Return every line from the one with "Airplane crash 3DS Max animation" through the one with "neet 2019 One", inclusive, exactly as it appears below.

### Extracted material ###

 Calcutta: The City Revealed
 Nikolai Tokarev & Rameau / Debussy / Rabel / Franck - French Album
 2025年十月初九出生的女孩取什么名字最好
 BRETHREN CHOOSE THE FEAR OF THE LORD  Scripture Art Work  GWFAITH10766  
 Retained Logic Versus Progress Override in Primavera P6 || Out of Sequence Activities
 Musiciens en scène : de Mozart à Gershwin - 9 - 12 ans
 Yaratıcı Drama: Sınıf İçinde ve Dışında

###
### Extracted material ###

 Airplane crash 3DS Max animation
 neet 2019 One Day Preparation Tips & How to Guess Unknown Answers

###
### Extracted material ###

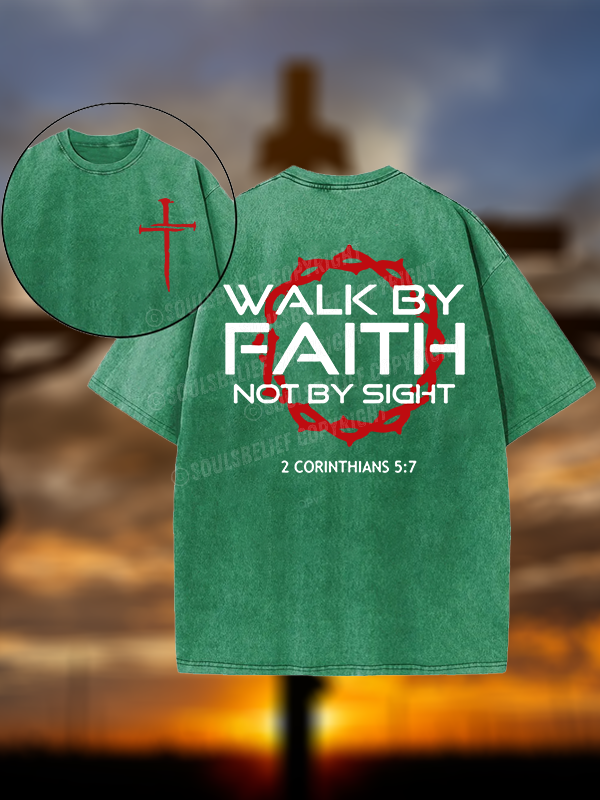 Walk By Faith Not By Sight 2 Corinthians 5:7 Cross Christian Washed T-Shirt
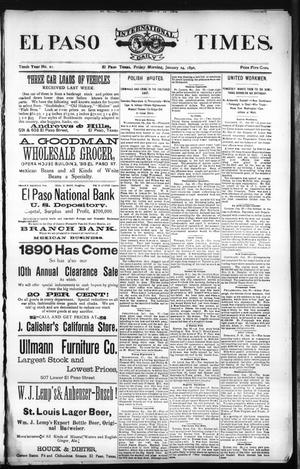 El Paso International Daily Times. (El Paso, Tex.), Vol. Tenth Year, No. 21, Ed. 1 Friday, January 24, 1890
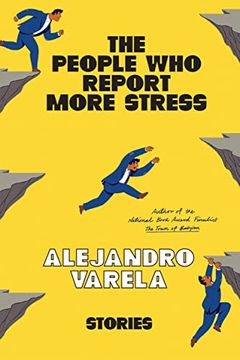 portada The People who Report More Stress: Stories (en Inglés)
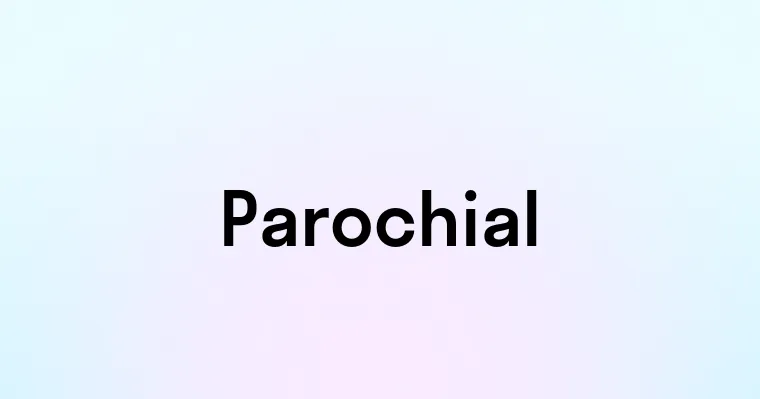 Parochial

###

- Task result -
 Airplane crash 3DS Max animation
 neet 2019 One Day Preparation Tips & How to Guess Unknown Answers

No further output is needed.